Question 101: Which all methods should be avoided, so less amount of data shuffling happens across the partitions?
Answer: When choosing an arrangement of transformations, minimize the number of shuffles and the amount of data shuffled. Shuffles are expensive operations. All shuffle data must be written to disk and then transferred over the network. repartition, join, cogroup , and any of the *By or *ByKey transformations can result in shuffles. Not all these transformations are equal.
Question 102: What is the difference between below two Spark steps and which is good for performance perspective?
- groupByKey().mapValues(_.sum)
- reduceByKey(_ + _)
Answer: Both the above operations results in the same result. However, the first one, as we have already discussed in previous question that entire dataset will be transferred across the network, while un case of second one computes the data locally, and sums for each key in each partition and combines those local sums into larger sums after shuffling.
Question 103: What performance issue, you will observe with the below code segment and which one you suggest as a better alternative?
rdd.map(kv => (kv._1, new Set[String]() + kv._2)).reduceByKey(_ ++ _) |
Answer: reduceByKey when the input and output value types are different as given in above scenario a transformation that finds all the unique strings corresponding to each key. You could use map to transform each element into a Set and then combine the Sets with reduceByKey().
This results in unnecessary object creation because a new set must be allocated for each record.

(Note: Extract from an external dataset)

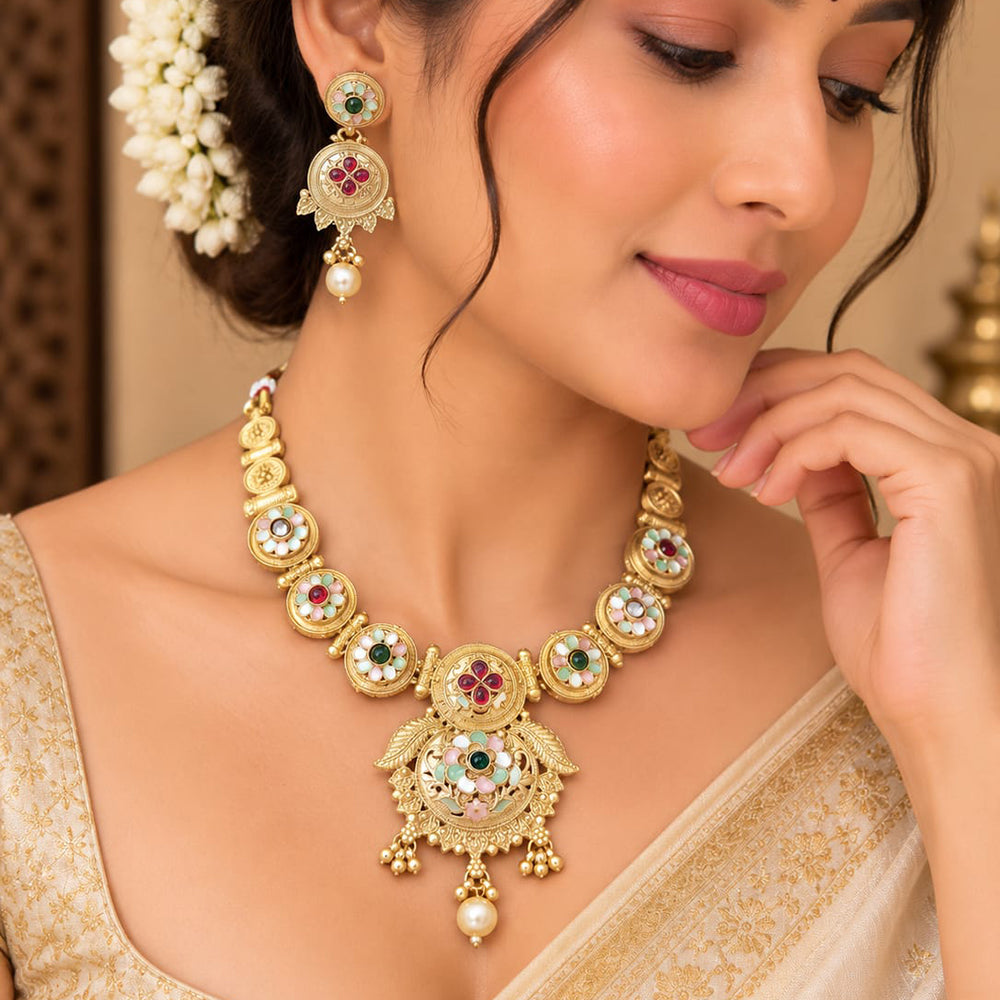 FS Collection Elegant Pota Stone Pearl And Beads Meenakari Necklace Set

Instead, use aggregateByKey, which performs the map-side aggregation more efficiently:
val zero = new collection.mutable.Set[String]() rdd.aggregateByKey(zero)((set, v) => set += v,(set1, set2) => set1 ++= set2) |
Question 104: If you have a small dataset, which needs to be joined with another bigger dataset, what approach you will use in this case?
Answer: As you mentioned one dataset is smaller and other is very big. Then we will consider using broadcast variable, which will help in improving the overall performance. To avoid shuffles when joining two datasets, you can use broadcast variables. When one of the datasets is small enough to fit in memory in a single executor, it can be loaded into a hash table on the driver and then broadcast to every executor. A map transformation can then reference the hash table to do lookups.
Question 105: When it is advantageous to have shuffle?
Answer: When you are working with huge volume of data and more processing power is also available. And application is compute intensive, hence we need to use shuffling in this case. So that data can be processed in parallel using all the available CPUs. Another use case is aggregation, if a huge volume of data and you want to apply aggregate function on that, then single thread of the driver will become bottleneck. You should shuffle data across the nodes and then apply the aggregate functions on that data locally on each node. So that data can be aggregated parallel first and then final aggration will be done on the driver program.